Your assignment: A verbatim repetition of the data below is requested, without images.

Supplied material section start

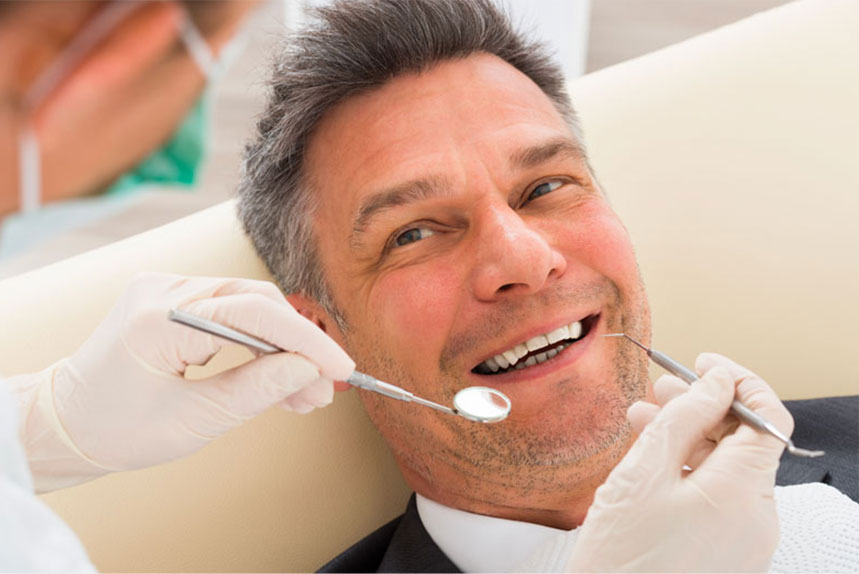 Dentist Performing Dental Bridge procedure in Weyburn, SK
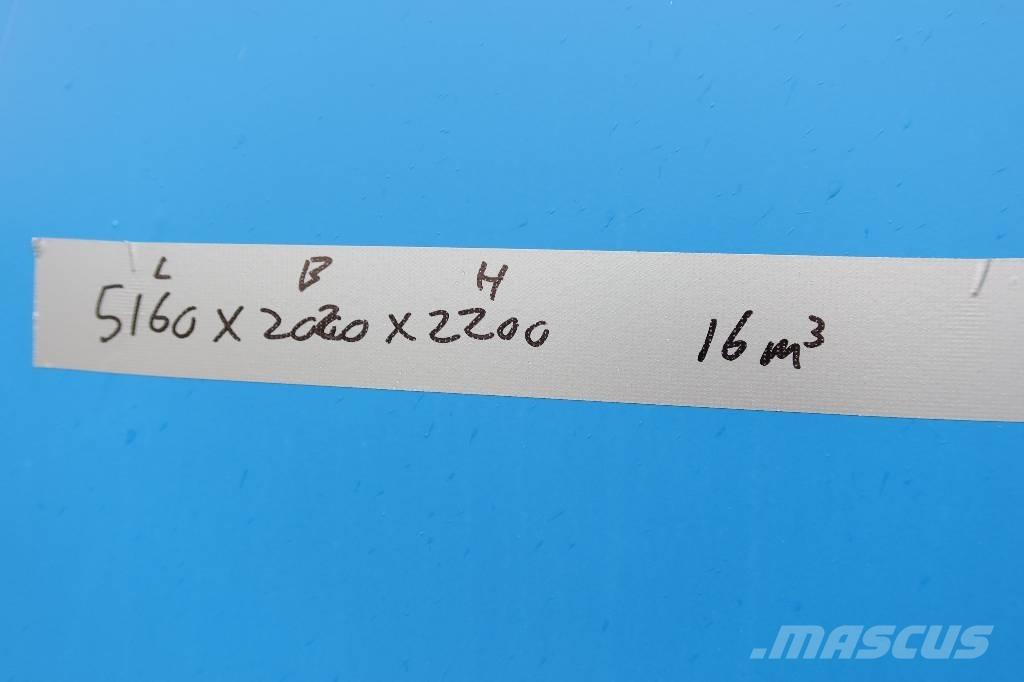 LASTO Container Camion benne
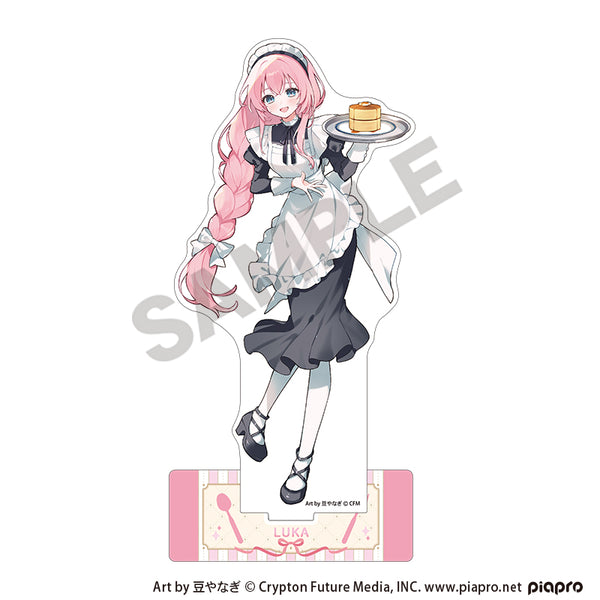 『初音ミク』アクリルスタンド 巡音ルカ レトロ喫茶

Supplied material section end

Task response:
 Dentist Performing Dental Bridge procedure in Weyburn, SK
 LASTO Container Camion benne
 『初音ミク』アクリルスタンド 巡音ルカ レトロ喫茶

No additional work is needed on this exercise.